Giving and getting a few gifts at Christmas is great, but it is my aim that gifts in my family be more and more experiential. Very few in America need more stuff and needy we are not. But keeping Christ in Christmas — honoring that Jesus is indeed the Reason for the Season — is not merely about downplaying commercialism, but savoring the coming of our Savior. And I never feel completely satisfied that I’ve made good on this annual intention. We attended some very sweet services — Lessons and Carols at school, a mini-Christmas concert by a brass quintet, and a lovely, traditional, organ-laden Christmas Eve service. We read the Christmas story from Luke 2 before the opening of any presents on Christmas Eve (a tradition from my Papa, Wayne Cummins). We listened to tons of traditional and contemporary Christmas music at home and in the car in the weeks leading up to Christmas. And we counted down the days on our Advent calendar.

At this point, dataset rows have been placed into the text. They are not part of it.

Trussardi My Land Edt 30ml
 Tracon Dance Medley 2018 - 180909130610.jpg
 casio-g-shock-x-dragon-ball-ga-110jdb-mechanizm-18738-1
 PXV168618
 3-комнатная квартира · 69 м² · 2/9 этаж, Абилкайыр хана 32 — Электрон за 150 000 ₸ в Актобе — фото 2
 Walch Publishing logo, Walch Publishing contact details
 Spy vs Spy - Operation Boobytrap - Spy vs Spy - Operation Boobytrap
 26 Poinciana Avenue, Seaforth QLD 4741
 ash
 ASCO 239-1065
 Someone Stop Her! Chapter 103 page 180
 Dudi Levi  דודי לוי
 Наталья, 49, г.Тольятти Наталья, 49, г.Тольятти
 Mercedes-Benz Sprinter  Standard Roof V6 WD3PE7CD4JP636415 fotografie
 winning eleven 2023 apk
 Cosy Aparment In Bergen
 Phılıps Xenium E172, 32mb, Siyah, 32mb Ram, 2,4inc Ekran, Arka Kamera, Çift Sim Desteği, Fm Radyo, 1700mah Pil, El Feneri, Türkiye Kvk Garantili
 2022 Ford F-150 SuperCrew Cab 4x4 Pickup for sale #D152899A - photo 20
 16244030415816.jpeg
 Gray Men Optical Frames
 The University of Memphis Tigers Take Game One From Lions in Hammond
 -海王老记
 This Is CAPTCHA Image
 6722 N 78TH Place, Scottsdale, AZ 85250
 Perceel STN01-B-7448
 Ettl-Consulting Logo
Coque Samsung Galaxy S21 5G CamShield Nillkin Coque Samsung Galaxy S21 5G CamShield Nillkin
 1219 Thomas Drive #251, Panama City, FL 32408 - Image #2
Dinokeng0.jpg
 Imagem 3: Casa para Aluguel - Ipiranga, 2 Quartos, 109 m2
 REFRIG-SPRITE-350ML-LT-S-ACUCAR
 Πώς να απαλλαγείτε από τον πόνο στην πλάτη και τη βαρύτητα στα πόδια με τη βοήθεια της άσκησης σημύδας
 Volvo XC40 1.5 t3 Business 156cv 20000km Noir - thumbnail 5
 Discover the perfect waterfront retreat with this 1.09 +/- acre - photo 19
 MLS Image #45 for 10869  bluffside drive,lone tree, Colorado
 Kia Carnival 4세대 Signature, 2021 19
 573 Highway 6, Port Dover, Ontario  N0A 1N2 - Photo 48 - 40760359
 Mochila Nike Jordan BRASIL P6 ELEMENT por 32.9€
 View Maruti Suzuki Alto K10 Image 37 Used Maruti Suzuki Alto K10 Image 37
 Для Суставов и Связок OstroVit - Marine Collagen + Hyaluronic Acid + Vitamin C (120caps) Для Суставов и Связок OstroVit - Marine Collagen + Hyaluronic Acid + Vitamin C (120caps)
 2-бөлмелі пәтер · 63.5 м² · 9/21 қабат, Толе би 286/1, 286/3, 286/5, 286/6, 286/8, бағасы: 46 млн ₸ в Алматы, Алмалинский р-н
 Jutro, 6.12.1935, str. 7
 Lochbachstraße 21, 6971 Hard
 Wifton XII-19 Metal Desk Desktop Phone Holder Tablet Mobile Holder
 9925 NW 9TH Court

Yet Christmas Day snuck up again before I felt like I have truly pondered the wonder of Jesus — the Creator of the Universe, the All-Knowing, Timeless Being that took on human flesh. Human flesh! In the form of a helpless little baby, born in a lowly manger. Even though he was sinless, loving and humble, he was mistreated, hated, ridiculed and killed. But as is always the case, God redeemed what was meant for ill. Satan is never the victor; he only thinks he is. In the end, Love always wins.
Jesus’ death meant that His blessing, His redemptive work could flow “as far as the curse is found” (lyrics from Joy to the World by Isaac Watts). Far as the curse is found! Where is the curse found in your life? May the blessings of Jesus flow even there. Peace and Joy to you and yours this Christmas. In fact, Joy to the world, for the Lord has come.